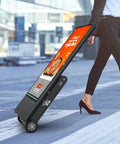 55 Inch Outdoor Digital Signage Display Loaded Up With 4K UHD LCD And IP55 Waterproof Shield Boasting 1800 Nits auto brightness, being wheeled by a woman.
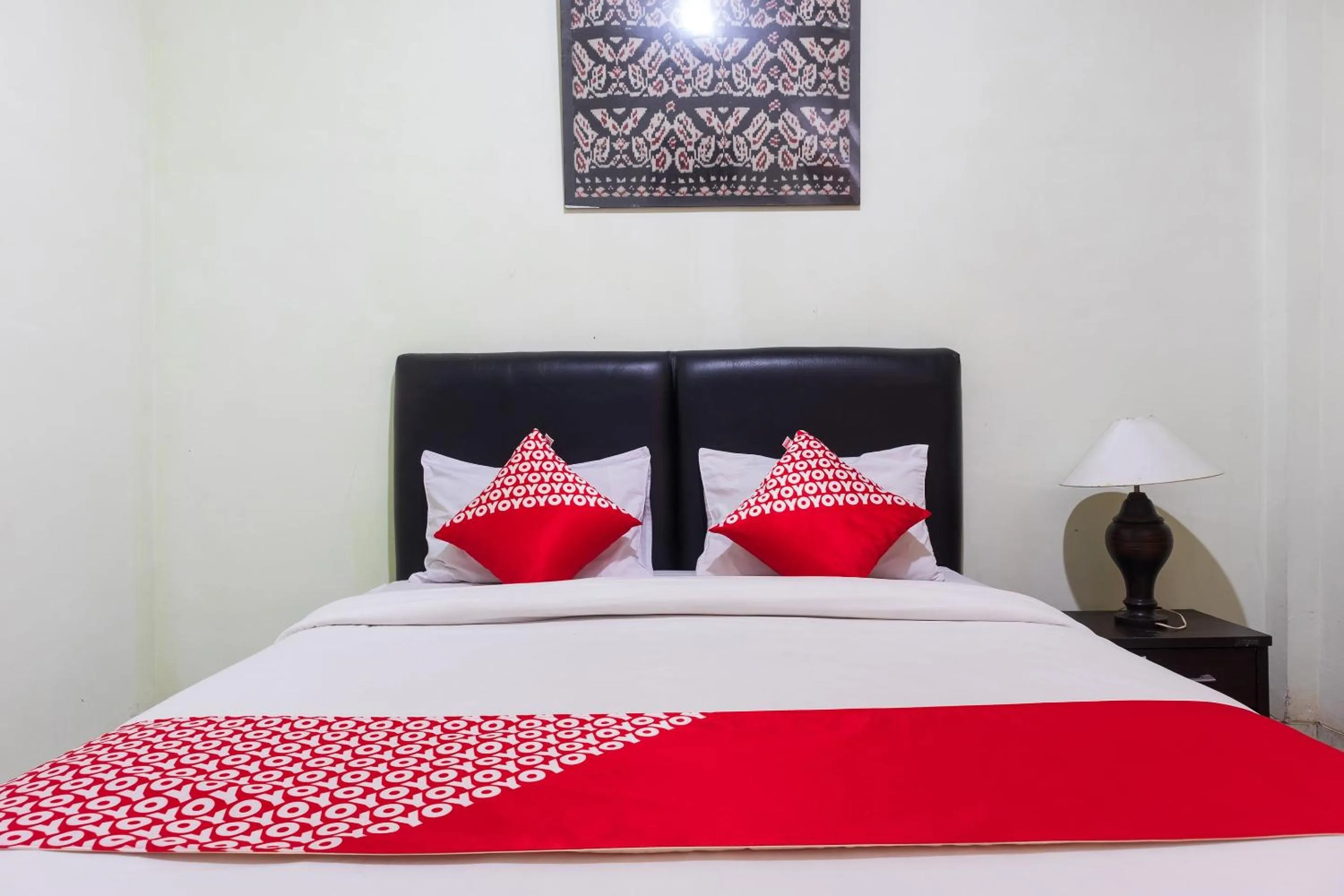 Bedroom in Super OYO 1682 Greenia Hotel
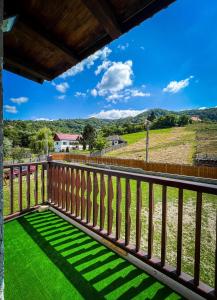 uma vista da varanda de uma casa com relva verde em Casa BiaFlor em Rucăr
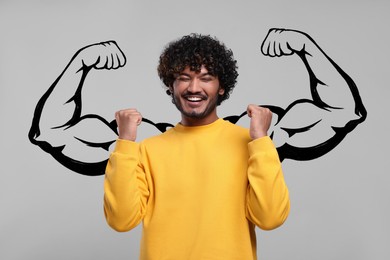 Image of Happy young man with drawing of strong arms behind him on grey background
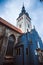 Gothic style ornate window and gray brick wall of the church. Medieval architecture in Europe. Tallinn old town details.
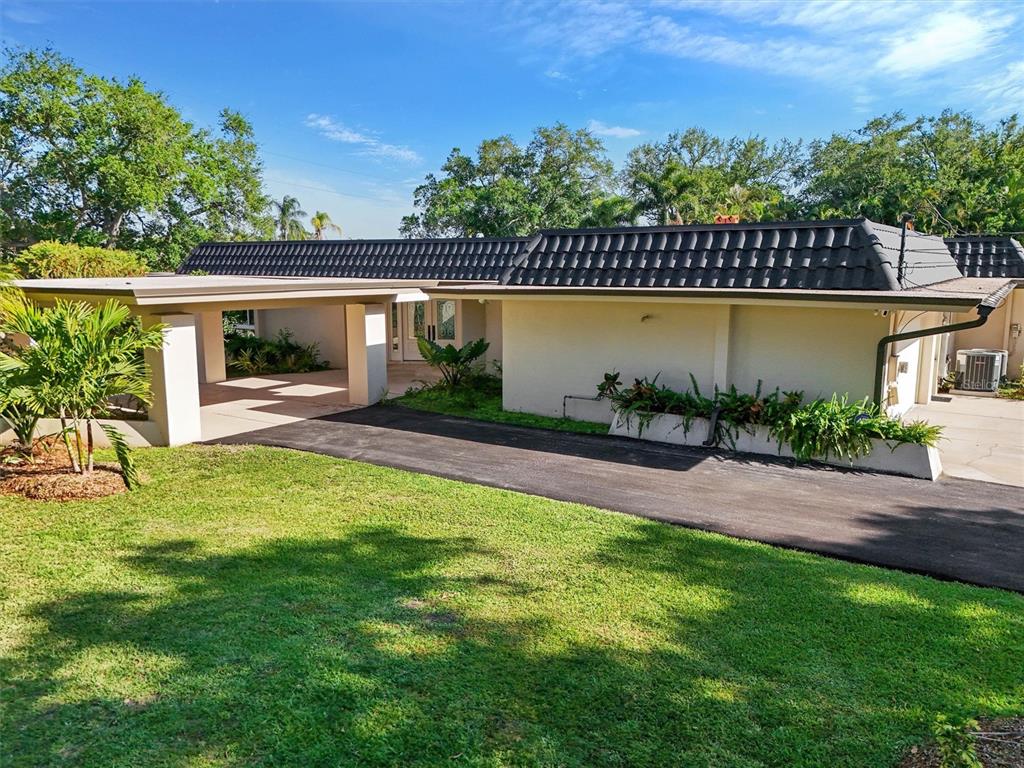 A single-story house with a dark tiled roof, a carport, and a paved driveway — 1875 BELLEAIR ROAD, CLEARWATER, FL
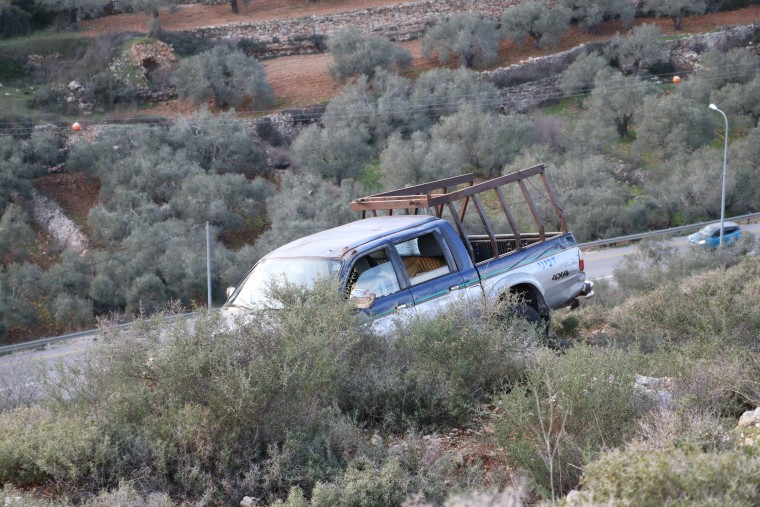 The truck in which Tawfic Hafeth Abdel Jabbar was shot dead sits over Highway 60 in the occupied West Bank on Saturday.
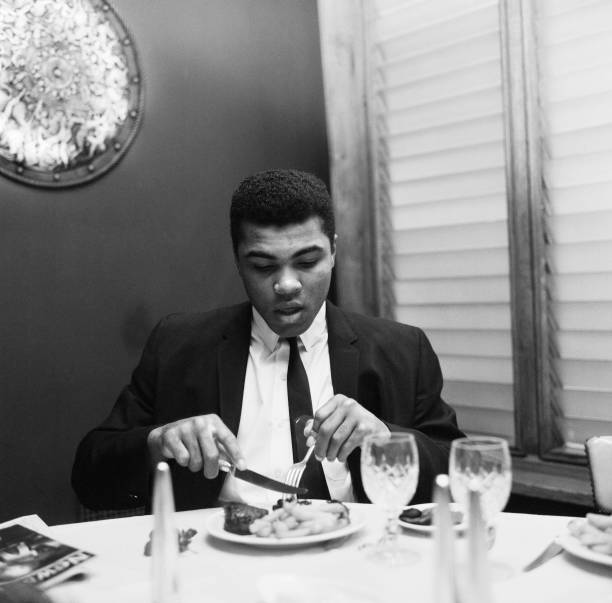 Cassius Clay having lunch London before trip to Scotland for a- 1965 Old Photo 1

....................

- **WHAT YOU WILL DO**
Take the lines from the start of the material to the line with "Image of Happy", both included, and transcribe them exactly without the pictures.

- **SOLVED EXERCISE**
 55 Inch Outdoor Digital Signage Display Loaded Up With 4K UHD LCD And IP55 Waterproof Shield Boasting 1800 Nits auto brightness, being wheeled by a woman.
 Bedroom in Super OYO 1682 Greenia Hotel
 uma vista da varanda de uma casa com relva verde em Casa BiaFlor em Rucăr
 Image of Happy young man with drawing of strong arms behind him on grey background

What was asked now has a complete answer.